The Reach a Number problem asks for the minimum number of steps to reach exactly target from 0, where step k moves ±k. You choose the direction (+ or -) for each step. This coding problem uses math: find the minimum n such that 1+2+...+n ≥ |target| and (n*(n+1)/2 - |target|) is even (can flip a subset of steps). The math and binary search interview pattern is demonstrated.
InMobi, Microsoft, Meta, Amazon, Google, and Bloomberg ask this because the elegant mathematical solution — finding the right n using the parity condition — avoids BFS on an infinite state space. It tests the ability to derive mathematical insight from the problem structure.

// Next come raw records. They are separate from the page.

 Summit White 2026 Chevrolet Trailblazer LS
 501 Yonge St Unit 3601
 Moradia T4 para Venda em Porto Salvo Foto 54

Mathematical observation. Target becomes |target| (symmetric). Find minimum n where S = n*(n+1)/2 ≥ |target| AND (S - |target|) % 2 == 0. The even condition ensures we can flip some positive steps to negative to hit the exact target. Find this n using binary search or linear scan from ceil(sqrt(2*target)).
target=3. n=2: S=3=3 ✓. (3-3)=0 even ✓. Return 2 (steps: +1+2=3). target=2. n=2: S=3. (3-2)=1 odd ✗. n=3: S=6. (6-2)=4 even ✓. Return 3 (steps: +1+2-3? No: -1+3=2... +1-2+3=2✓). 3 steps. target=5. n=3: S=6. (6-5)=1 odd ✗. n=4: S=10. (10-5)=5 odd ✗. n=5: S=15. (15-5)=10 even ✓. Return 5.
Reach a Number teaches that many "minimum steps" problems have mathematical shortcuts. The parity trick: if you need to reduce S to target, flip a subset of steps (costing -2k each flip). So S - target must be even. Once you identify this, binary search or linear scan for the minimum n is O(log n). Practice mathematical step problems: "jump game IV," "minimum jumps to reach target." Always ask: can a formula replace BFS?